Wow, Ethan, you're helpful. Y0da, next time use may, some people may be obnoxious sometimes about the use of can and may, this is the first I've seen here, but I haven't been here long, but people in my real life do that a lot.


----------



## Samlambert (Feb 20, 2009)

Don't worry, I've seen worse.

On-topic: Yeah, http://www.worldcubeassociation.org/results/competitions.php

(EDIT: lol at Ethan's reply below)


----------



## Ethan Rosen (Feb 20, 2009)

KubeKid73 said:


> Wow, Ethan, you're helpful. Y0da, next time use may, some people may be obnoxious sometimes about the use of can and may, this is the first I've seen here, but I haven't been here long, but people in my real life do that a lot.

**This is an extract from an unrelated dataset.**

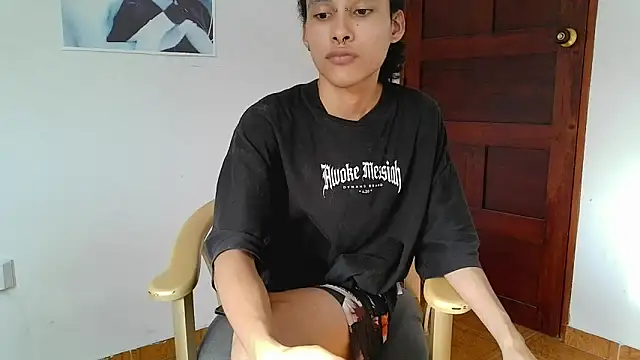 Snapshot of DeusGoth chatting on 05.21.26 DeusGoth online show from 05.21.26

Thanks, I know that unlike you who provided no help, I provided the WCA link. I win


----------



## Bryan (Feb 20, 2009)

Right now your best bet is probably Bloomington, IN, which will have another competition coming up sometime this spring. Kansas City might have something this year. Otherwise, Rochester, MN will have something in the summer and Minneapolis will have one next weekend, and Milwaukee might have another one this year.

Yes, in the Midwest you need to travel further for competitions. If you wanted to be notified about competitions, you can signup on CubingUSA.com

If you don't want to travel far for a competition, then think about organizing one yourself. There have been many young competitors that have organized competitions, so don't worry about age.


----------



## ShadenSmith (Feb 20, 2009)

I know there has been some talk about organizing a St. Louis competition, maybe that will work out.


----------



## JBCM627 (Feb 20, 2009)

Bryan said:


> Right now your best bet is probably Bloomington, IN, which will have another competition coming up sometime this spring.



This fall you mean, right?

I think Mike H wanted to have one in Indianapolis in a few months, too.


----------



## KubeKid73 (Feb 20, 2009)

Oops. Lol. Either it wasn't there when I posted, or I thought it was in your sig. Oh well.


----------



## Tyson (Feb 21, 2009)

Ethan Rosen said:


> Yes, someone can
> 
> http://www.worldcubeassociation.org/results/competitions.php



Man, what an insult to society. Using 'can' instead of 'may'... especially when the sentence you have typed is grammatically correct. You should be punished.


----------



## y0da777 (Feb 22, 2009)

ok thanks for your help. looks like ill hae to hope for st. louis to have one or try to organize one. idk how hard thtll be but ill have to research.


----------



## darthyody (Mar 5, 2009)

Hey, I just wanted yoda to know that I also live near st louis, maybe we can meet up or something. How fast are you btw. my 3x3 avg is 20.xx


----------



## shelley (Mar 6, 2009)

KubeKid73 said:


> Wow, Ethan, you're helpful. Y0da, next time use may, some people may be obnoxious sometimes about the use of can and may, this is the first I've seen here, but I haven't been here long, but people in my real life do that a lot.



Who's being obnoxious about the use of can and may? "May someone tell me..."? You're doing it wrong.

Besides, Ethan was very helpful. So helpful in fact that the thread could have been closed after his post and the TC would have had all the information he needed.


----------